Congratulations!  Sorry they weren't girls though


----------



## ThreeBoysChicks (Feb 19, 2012)

Bummer...


----------



## poorboys (Feb 19, 2012)

sorry about boys, but at least their big healthy boys, is ellie next?


----------



## dragonmorgan (Feb 19, 2012)

Congrats on 2 heathies. Sorry they werent girls.


----------



## Sunny & the 5 egg layers (Feb 19, 2012)

Congratulations!


----------



## Roll farms (Feb 19, 2012)

Look - SOLID EARS even.....10# 







And this one's just cute....9#


----------



## Queen Mum (Feb 19, 2012)

You could paint them pink and call them Doris and Mabel.  Maybe they would start thinking they are girls and then next thing you know they will become more girly.  No?   Well, it was a thought.

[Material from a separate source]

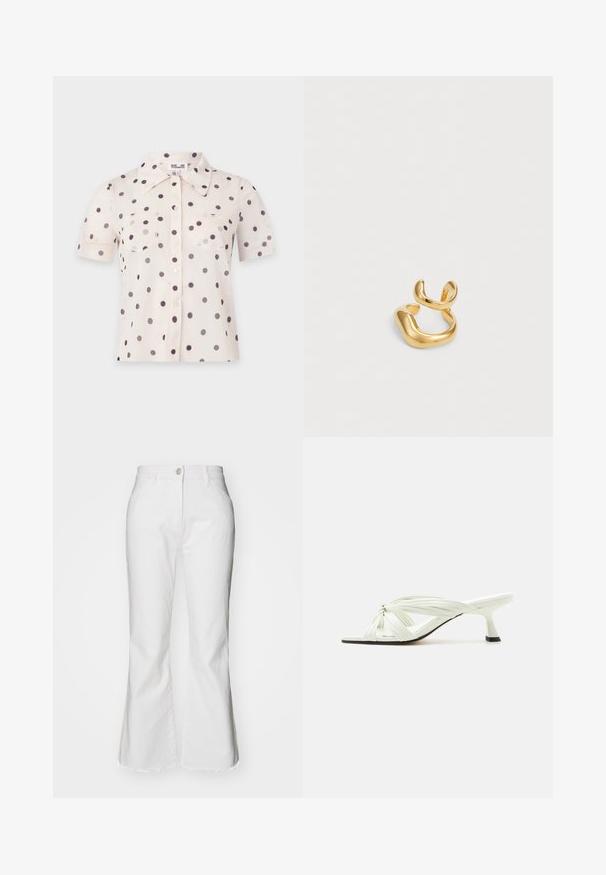 Blouse crème à manches courtes avec des pois noirs, boutons à l’avant, deux poches poitrine et un large col pointu.; Jean flare blanc en denim avec un ourlet brut. Doté d'une fermeture à bouton et de poches avant. Design classique avec une coupe moderne.; Sandale blanche à talon avec plusieurs fines brides nouées et un talon fin de hauteur moyenne sur un fond clair uni.; Bague en or arborant un design fluide et organique avec deux bandes incurvées se chevauchant. Texture lisse et brillante avec une finition polie.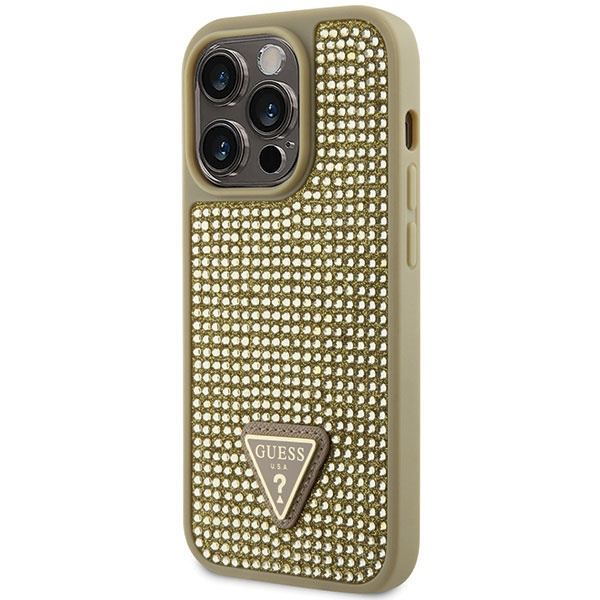 Case Guess GUHCP14LHDGTPD iPhone 14 Pro 6.1" gold/gold hardcase Rhinestone Triangle Case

Congratulations.  Maybe they will be herdsires?   Potential champion bucks?


----------



## Queen Mum (Feb 19, 2012)

Oh my gosh they are Beautiful!  To heck with does, those are some VERY nice looking bucklings!


----------



## marlowmanor (Feb 19, 2012)

Well you did get some solid ears!  Sorry it's the wrong gender! Maybe Ellie will give a solid eared doe for you. She is the one who is next right?


----------



## PotterWatch (Feb 19, 2012)

They are cute with those big ol' long ears!


----------



## Roll farms (Feb 19, 2012)

Yeah, Ellie's next...but I needed THESE two to be does, for a customer who reserved 2 girls.
Ellie's kids could be boer cross, and the guy wants dairy doelings.

Goats just never cooperate.  *sigh*


----------



## marlowmanor (Feb 19, 2012)

> I needed THESE two to be does, for a customer who reserved 2 girls.
> Ellie's kids could be boer cross, and the guy wants dairy doelings.
> 
> Goats just never cooperate.  *sigh*


My dad refuses to do reservations for kids because of that exact reason. You can never predict what will be produced. So with him it is first come first serve. He will let people know when kids are born if they have showed interest in getting one from him, but kids aren't reserved till after they are born. I know it is normal though for serous breeders to have waiting lists and reservations on kids before they are born and it has always amazed me how frustrating it must be to have reservations for certain genders and then it doesn't happen right when the kids are born. Are there any other does that will be giving you dairy kids that the buyer may be interested in, like maybe your new girls?


----------



## dragonmorgan (Feb 19, 2012)

they are adorable (especially the solid eared one). I wish our farm was set up and that we lived closer because I would love to have one of the cuties. grr. :/


----------



## ksalvagno (Feb 19, 2012)

Sorry about the danglies but they sure are cute! Love the coloring!


----------



## Pearce Pastures (Feb 19, 2012)

Oh those ears are so cute!  You boys can just come stay with Auntie Melissa!


----------



## bonbean01 (Feb 19, 2012)

They are beautiful!!!  Surely they would be very highly prized for someone wanting a gorgeous breeding buck?  Just love them!!!


----------



## autumnprairie (Feb 19, 2012)

even boys can be cute, sorry they weren't the does you needed though


----------



## redtailgal (Feb 19, 2012)

Congrats on healthy babies.

SOrry bout the danglies though.  You shouldnt have told her that you wanted does.


----------



## Trigoat&pbrlover (Feb 19, 2012)

awwww how cute


----------



## Roll farms (Feb 19, 2012)

Well I only took reservations on 2 of ea. sex.  You'd think out of 5 does, 7 kids....we'd get 3 or 4 girls....so I *should* have been ok.
After 2 reservations, I started saying, "I'll put you on the list but, no guarantees."
And normally I only take $50.00 for a reservation, but this guy wanted to pay me in 'installments'...so he's paid $200.00.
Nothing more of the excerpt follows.